„Nein heißt Nein – Lücken im Sexualstrafrecht schließen“

PODIUMSDISKUSSION

Das entscheidende Wort
„Missbrauch passiert jeden Tag“, sagt die Kriminalhauptkommissarin Dagmar Bethke. Bei einer Diskussion über eine Verschärfung des Sexualstrafrechts wird klar: Ein paar Paragrafen zu ändern, wird die Probleme nicht lösen von Claudia Graf (Immenstadt/Oberallgäu)

Eine Frau, die sich nach langer Zeit zu einer Anzeige gegen den Vater ihrer Kinder durchringt – und diesen Schritt wenige Stunden später rückgängig macht. Ein Vater, der für Gewalt an seinen Kindern bestraft wird – und als Kind selbst Opfer von Gewalt war. Eine Frau, die sich schämt, „Nein“ zu einem Mann zu sagen – sodass der nicht wissen kann, dass sie das, was er macht, nicht will.

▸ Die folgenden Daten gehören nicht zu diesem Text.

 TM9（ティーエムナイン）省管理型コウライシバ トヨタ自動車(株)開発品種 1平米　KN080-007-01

Diese Fälle aus dem Oberallgäu veranschaulichen den Arbeitsalltag von Dagmar Bethke, Kriminalhauptkommissarin und Frauenbeauftragte im Polizeipräsidium Schwaben Süd/West, und Petra von Sigriz, Sonderpädagogin beim Frauennotruf Kempten. Es sind Beispiele, die bei der Podiumsdiskussion „Nein heißt Nein“ verdeutlichten, dass es in der aktuellen Debatte um die Verschärfung des deutschen Sexualstrafrechts um mehr geht als das „Neusortieren von Gesetzesbuchstaben“, wie es Bethke nannte.
Um über die Lücken des deutschen Sexualstrafrechts zu sprechen, hatte der Kreisverband Bündnis 90/Die Grünen in den Gasthof Krone nach Immenstadt-Stein eingeladen. „Nein heißt Nein muss auch im Strafrecht gelten“, sagte Verena Osgyan, Landtagsabgeordnete der Grünen und frauenpolitische Sprecherin, die einen entsprechenden Antrag im Landtag gestellt hat. „Es darf nicht darauf ankommen, ob das Opfer sich auch körperlich gewehrt hat“, sagte sie bei der Podiumsdiskussion.

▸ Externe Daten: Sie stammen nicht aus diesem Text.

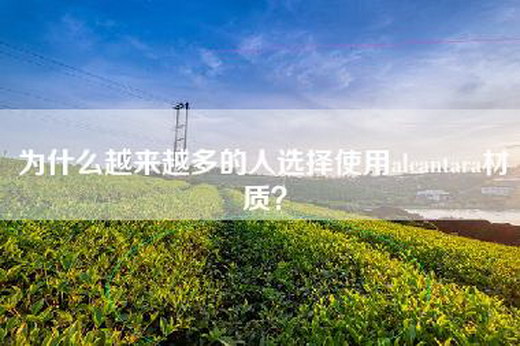 为什么越来越多的人选择使用alcantara材质？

Doch es gab weitere Faktoren, die für Referenten wie Zuhörer eine Rolle spielen: Von der subjektiven Wahrnehmung der Beteiligten, dem möglicherweise missverständlichen Verhalten eines Opfers aufgrund langjähriger Traumatisierung, hin zu der Tatsache, dass auch ein „Nein“ eigentlich kein sichtbarer Beweis ist. „Nur wenn ein Tatbestand gegeben ist“, erklärte Bethke, „darf verhandelt werden.“ Während es bei öffentlicher Gewalt meist einen Tatort gebe, sei das bei Beziehungstaten schwieriger. „Ein komplexes Thema“, räumte von Sigriz ein.

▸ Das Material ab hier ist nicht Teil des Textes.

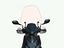 Immagine 1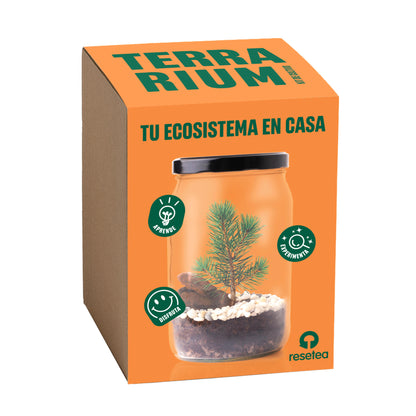 Kit Terrarium Pino – Crea Tu Ecosistema En Miniatura En Casa, Regalo Original - Resetea_0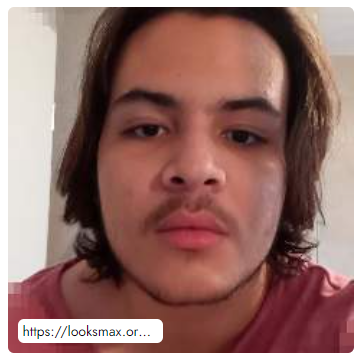 3375880_1682417582147.png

Es sind unter anderem Opfer von Misshandlungen, Stalking, sexueller, körperlicher und seelischer Gewalt, die von Sigriz anonym und Bethke als Beauftragte der Polizei beraten. „Zu wissen, dass ein ,Nein’ ausreicht, würde diese Menschen stärken“, sagte von Sigriz. Ob sich daraufhin mehr Menschen trauten, nicht lediglich am Telefon, sondern auch vor Polizisten und später einem Richter über das Erlebte zu sprechen, weiß sie nicht. „Doch eine Gesetzesänderung wäre ein Signal an Betroffene und Täter.“
Statt lediglich das Strafgesetz umzukrempeln, hält Bethke Prävention für entscheidend: „Kommt ein Täter ins Gefängnis, wird das Problem nur verschoben“, sagte die Polizeibeamtin. Neben der Arbeit mit Tätern müssten laut von Sigriz Mädchen und Jungen sehr früh gestärkt werden: Neben dem Wissen darüber, dass das „Nein“ eines Kindes berechtigt ist, sollten beispielsweise junge Männer verstehen lernen, was das „Nein“ einer Frau bedeutet.